Church in Palomas, Spain

The Nuestra Señora de Gracia Parish Church (Iglesia de Nuestra Señora de Gracia) is a Roman Catholic church in the town of Palomas, Badajoz, Extremadura, western Spain. It was declared Bien de Interés Cultural on 12 November 2013.

==History==
The Our Lady of Grace church is an architectural monument located at the highest point of the town of Palomas in Badajoz. It is located in the center of a rectangular plaza and is bounded by the Iglesia, Jesús, Tras Iglesia y Juan XXIII streets. Built in the sixteenth century style, it is constructed in the Gothic-Mudéjar style and falls under the Order of Santiago.

Its large tower is the most distinct feature of the monument and one of the most beautiful examples of tower facades in Lower Extremadura. Its geometric decorations are done with moulded brick. Along with the Granja de Torrehermosa and the surrounding Hornachos, Alange and Puebla de la Reina and others, the church is the most outstanding example of the achievements of the Mudéjar style in Lower Extremadura.

The tower was built before 1550. Its body is square and takes up almost the entire nave.

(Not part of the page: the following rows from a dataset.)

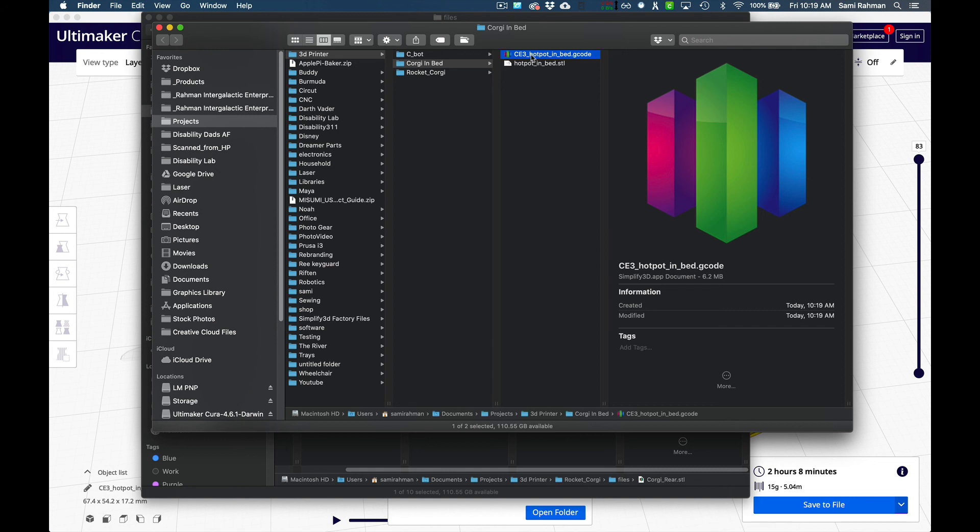This is the 3D model file. You can't print that without going through the process of creating it for your printer. This is the file you would put on the card, stick in the printer, and load it up in the printer to print. This is the instructions that tell the printer what to do. That's how to create a simple print file.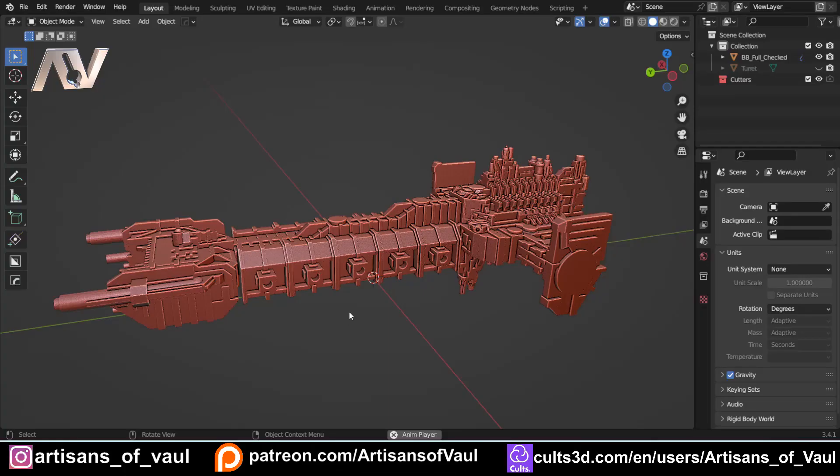Linking objects is where you create an extra instance of an object that you've got, though it's not quite instancing, which is a slightly different thing, as you'd normally do that to instance something onto another point, for example with geometry nodes.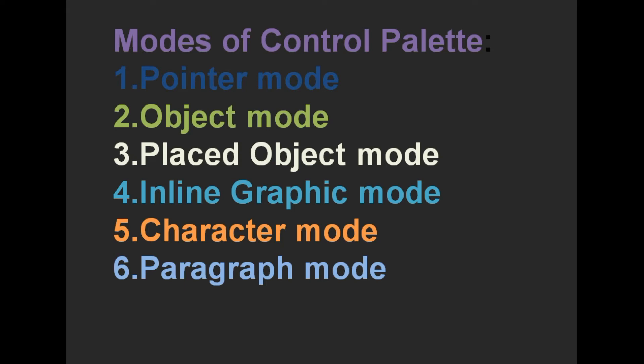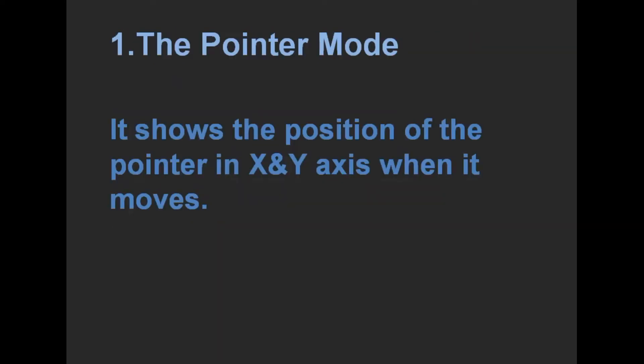The Pointer Mode shows the position of the pointer in X and Y axis when it moves.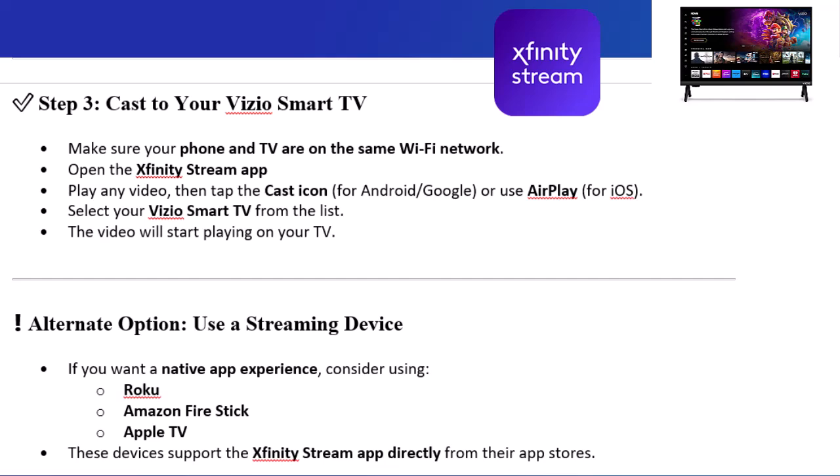Alternate option: use a streaming device. If you want a native app experience, consider using Roku, Amazon Fire Stick, or Apple TV. These devices support the Xfinity Stream app directly from their app stores. Thanks for watching.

The tower is very high and consists of three sections. The two inferior sections are integrated into the temple, the lower section forms the narthex of the church and the other section forms the choir-gallery.

Some interesting artistic elements still survive on the inside of the building. These include the altarpiece and several side altars dedicated to the Our Lady of Mount Carmel, the Nazarene, the Immaculate Conception, Dolorosa or Our Lady of Guadalupe.

The church is located free in the center of a rectangular plaza with its shaft rotated relative to the aforementioned Plaza. A raised platform is constructed around the building along the south facade because of the slope.